No hay un argumento demasiado complicado. El hoyo del título es una cárcel inmensa, vertical, de cientos y cientos de pisos. Los reclusos pasan un mes en cada piso y su ubicación se resuelve de manera completamente aleatoria. ¿El problema? La comida –una plataforma armada con un cuidado y esmero culinario que haría aplaudir al jurado más exigente de MasterChef– va bajando piso por piso. Aquellos de los pisos superiores comen hasta el hartazgo, mientras que a medida que baja el alimento, lo que domina es el hambre, al punto de que estar más allá del nivel 100 asegura un mes dedicado al canibalismo (con suerte).
Decir que se trata de una analogía de la división en clases sociales o del consumismo es insultar la propia concepción de “analogía”, dada la total y absoluta falta de sutileza, pero está bien: la película hace su opción y la arroja a la cara del espectador.
Arriba y abajo
Nuestro protagonista, Goreng (Iván Massagué, estupendo), despierta junto a Trimagasi (inmenso Zorion Eguileor), un preso veterano que a regañadientes le irá explicando la lógica del asunto. Cuanto más arriba estás, mejor; cuanto más abajo, peor. Los de arriba inmediatamente pasan de los de abajo y la lógica del hoyo es simplemente la del capitalismo más salvaje, donde poco y nada se puede esperar del prójimo.

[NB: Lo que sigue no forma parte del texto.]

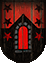 Grotte.gif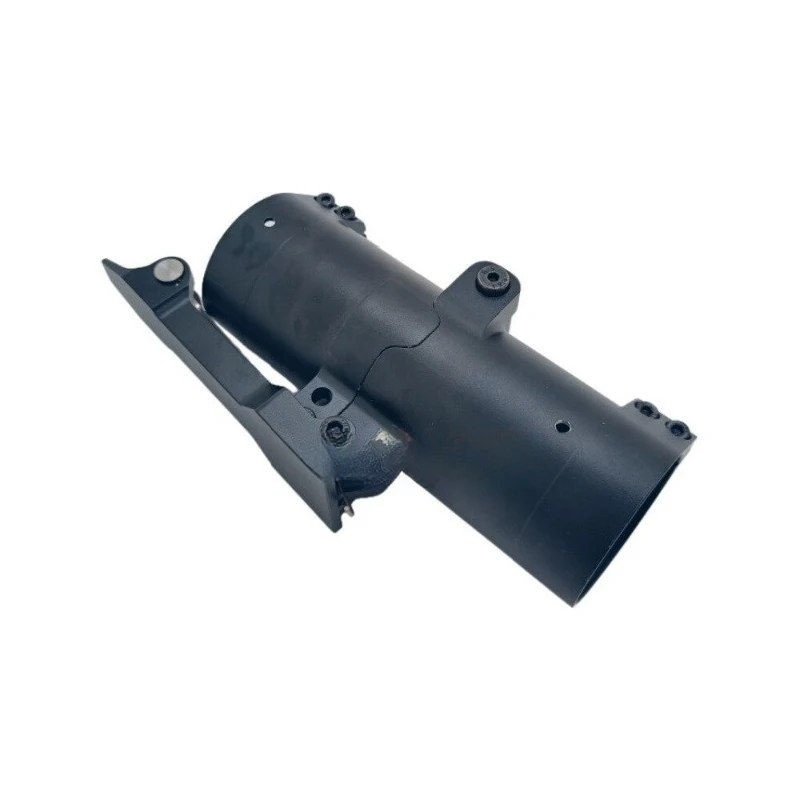 Reinforced 50/60mm aluminum alloy arm folding quick dismantling parts, dispensing machine drone folding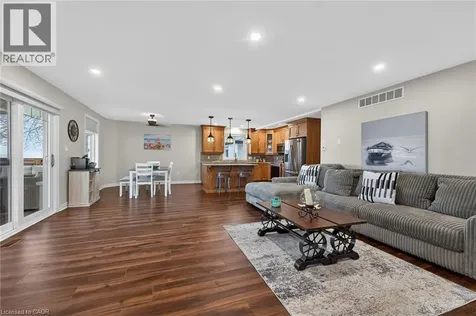 12073 Augustine Road Wainfleet ON L0S 1V0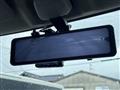 2013 Toyota Townace Van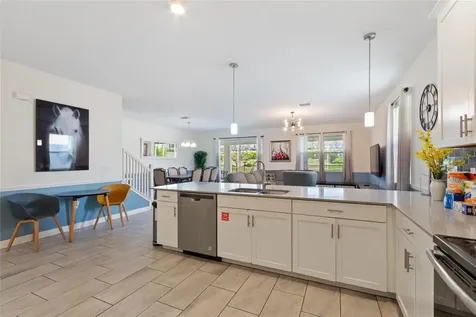 1524 Flange Drive Davenport FL 33896
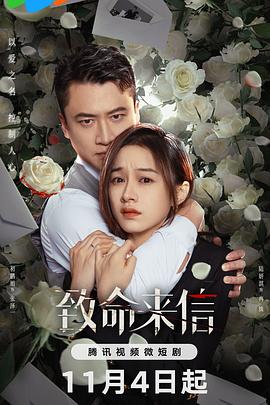 seo网站动态效果优化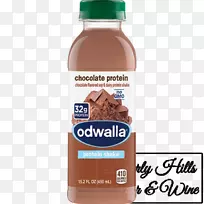 奶昔豆浆奥德瓦拉饮料-空若网 奶昔豆浆奥德瓦拉饮料-空若网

Pero Goreng está allí por propia voluntad y quizá, sólo quizá, sea distinto. A medida que pase sus meses de encierro y roten junto a él compañeros de celda (que, acaso quizá demasiado convenientemente, serán los indicados para tal o cual momento de su encierro), llegará a concebir una manera diferente de sobrevivir al hoyo, una manera más justa, equitativa y en la todos puedan sobrevivir.

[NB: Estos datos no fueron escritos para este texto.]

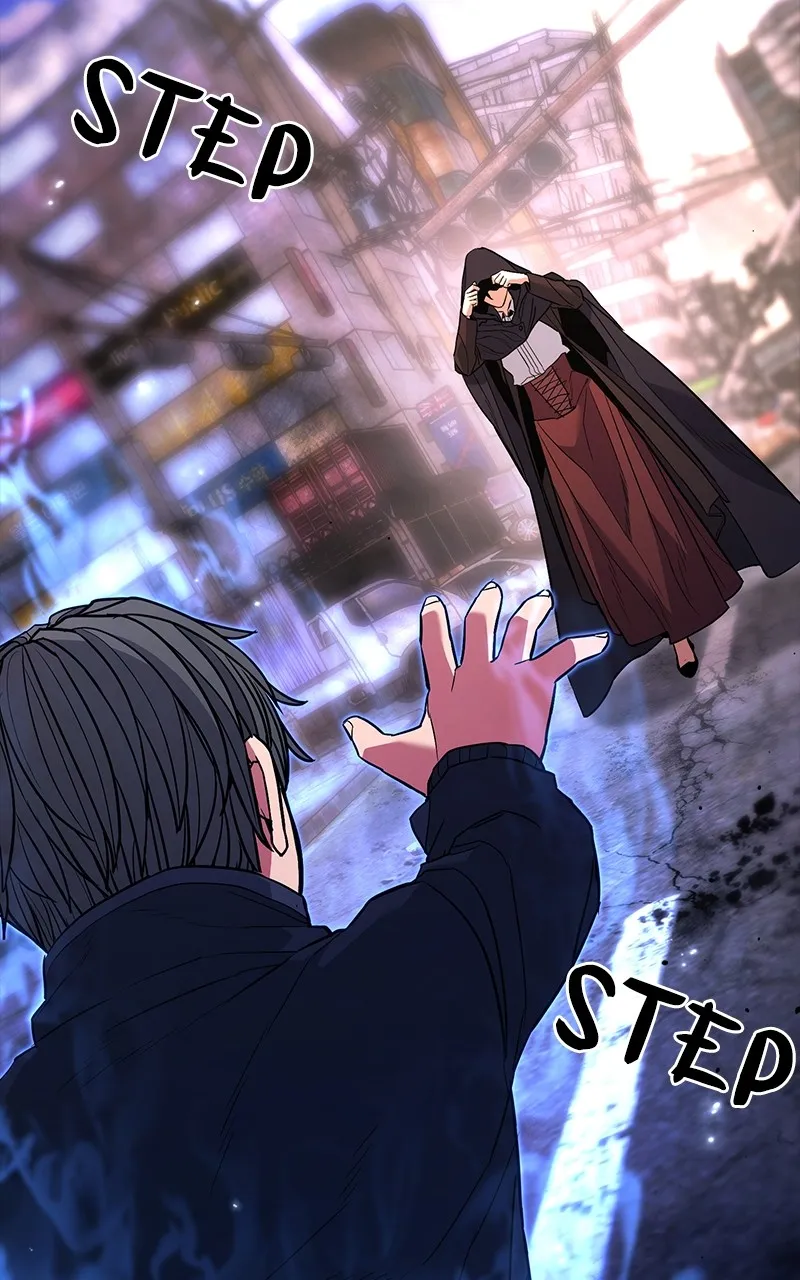 The Exiled Hero Chapter 45 page 87 -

Inspirada claramente en la canadiense El cubo –un espacio cerrado con su propia lógica, producción fantástica de bajo presupuesto, final metafísico algo desconcertante–, la película de Galder Gaztelu-Urrutia es funcional, y se apoya en un set fantástico desde lo visual, en las estupendas actuaciones y en una premisa sorprendente.

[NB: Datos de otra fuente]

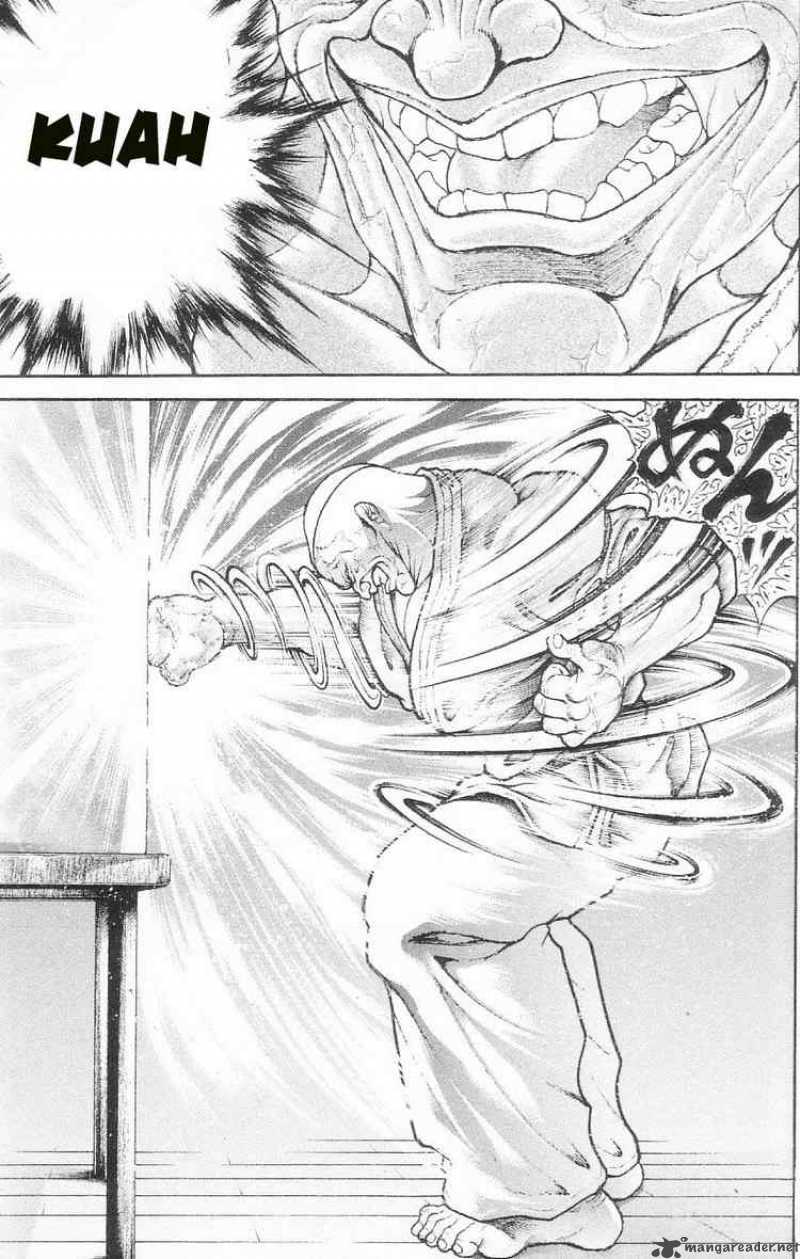 Baki Son Of Ogre 103 3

Lamentablemente, no parece saber hacia dónde ir en sus conclusiones –o las que propone son medio sacadas de la galera– y su final es ciertamente flojo, con personajes inverosímiles que aparecen de la nada, soluciones mágicas (el “mensaje”, por favor) y desafíos a la misma lógica de supervivencia planteada por la película. Con todo, un espectáculo por momentos impactante –obviamente no apto para estómagos sensibles, pero nada que sorprenda al avezado espectador del cine de horror– bien ejecutado y, cierto es, muy diferente a las opciones que suele ofrecer Netflix.